Task brief: Output range, inclusive: from the line containing "Magamistoad - Spacious" to the line containing "dziecko-kocyk 01-popielaty polar". Restate those lines from the data below word for word and only those.

Excerpts from a dataset:
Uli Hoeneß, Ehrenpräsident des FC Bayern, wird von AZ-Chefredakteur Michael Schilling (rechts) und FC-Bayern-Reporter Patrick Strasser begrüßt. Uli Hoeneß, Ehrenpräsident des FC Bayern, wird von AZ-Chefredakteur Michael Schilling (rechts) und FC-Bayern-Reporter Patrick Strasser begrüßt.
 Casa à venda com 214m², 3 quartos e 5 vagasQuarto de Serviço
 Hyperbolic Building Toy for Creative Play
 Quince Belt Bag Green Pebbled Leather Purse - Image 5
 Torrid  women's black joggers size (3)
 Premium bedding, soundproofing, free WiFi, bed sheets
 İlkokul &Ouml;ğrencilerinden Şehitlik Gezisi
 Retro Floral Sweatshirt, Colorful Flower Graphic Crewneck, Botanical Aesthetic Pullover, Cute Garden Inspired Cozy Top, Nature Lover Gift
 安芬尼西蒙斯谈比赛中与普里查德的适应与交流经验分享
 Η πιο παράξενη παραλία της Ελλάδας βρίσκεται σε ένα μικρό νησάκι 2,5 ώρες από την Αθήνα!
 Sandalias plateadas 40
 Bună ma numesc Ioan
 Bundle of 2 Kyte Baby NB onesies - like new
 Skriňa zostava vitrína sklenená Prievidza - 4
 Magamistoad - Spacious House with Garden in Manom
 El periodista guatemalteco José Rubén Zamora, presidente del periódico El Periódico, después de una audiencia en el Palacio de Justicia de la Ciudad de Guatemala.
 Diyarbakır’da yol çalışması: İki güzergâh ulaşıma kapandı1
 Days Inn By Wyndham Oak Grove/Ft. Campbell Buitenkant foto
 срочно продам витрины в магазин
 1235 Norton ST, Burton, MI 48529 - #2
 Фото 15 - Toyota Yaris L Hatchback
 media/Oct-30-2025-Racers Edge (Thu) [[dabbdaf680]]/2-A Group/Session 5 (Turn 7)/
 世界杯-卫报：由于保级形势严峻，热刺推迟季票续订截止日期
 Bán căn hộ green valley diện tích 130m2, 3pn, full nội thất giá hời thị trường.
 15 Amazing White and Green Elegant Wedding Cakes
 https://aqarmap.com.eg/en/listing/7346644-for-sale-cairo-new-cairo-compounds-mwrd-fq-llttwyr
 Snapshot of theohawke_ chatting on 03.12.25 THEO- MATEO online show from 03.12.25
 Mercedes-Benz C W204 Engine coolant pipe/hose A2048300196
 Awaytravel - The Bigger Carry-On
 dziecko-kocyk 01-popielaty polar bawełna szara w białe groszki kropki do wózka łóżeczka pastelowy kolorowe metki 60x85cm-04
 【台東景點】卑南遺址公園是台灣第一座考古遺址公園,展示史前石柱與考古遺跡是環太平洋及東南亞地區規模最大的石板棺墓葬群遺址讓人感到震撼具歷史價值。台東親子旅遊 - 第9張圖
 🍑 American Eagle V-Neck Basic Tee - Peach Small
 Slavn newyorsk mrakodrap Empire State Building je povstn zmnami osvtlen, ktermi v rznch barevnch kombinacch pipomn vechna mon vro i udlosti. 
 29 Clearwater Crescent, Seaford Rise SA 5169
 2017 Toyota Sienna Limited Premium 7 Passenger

Answer box:
 Magamistoad - Spacious House with Garden in Manom
 El periodista guatemalteco José Rubén Zamora, presidente del periódico El Periódico, después de una audiencia en el Palacio de Justicia de la Ciudad de Guatemala.
 Diyarbakır’da yol çalışması: İki güzergâh ulaşıma kapandı1
 Days Inn By Wyndham Oak Grove/Ft. Campbell Buitenkant foto
 срочно продам витрины в магазин
 1235 Norton ST, Burton, MI 48529 - #2
 Фото 15 - Toyota Yaris L Hatchback
 media/Oct-30-2025-Racers Edge (Thu) [[dabbdaf680]]/2-A Group/Session 5 (Turn 7)/
 世界杯-卫报：由于保级形势严峻，热刺推迟季票续订截止日期
 Bán căn hộ green valley diện tích 130m2, 3pn, full nội thất giá hời thị trường.
 15 Amazing White and Green Elegant Wedding Cakes
 https://aqarmap.com.eg/en/listing/7346644-for-sale-cairo-new-cairo-compounds-mwrd-fq-llttwyr
 Snapshot of theohawke_ chatting on 03.12.25 THEO- MATEO online show from 03.12.25
 Mercedes-Benz C W204 Engine coolant pipe/hose A2048300196
 Awaytravel - The Bigger Carry-On
 dziecko-kocyk 01-popielaty polar bawełna szara w białe groszki kropki do wózka łóżeczka pastelowy kolorowe metki 60x85cm-04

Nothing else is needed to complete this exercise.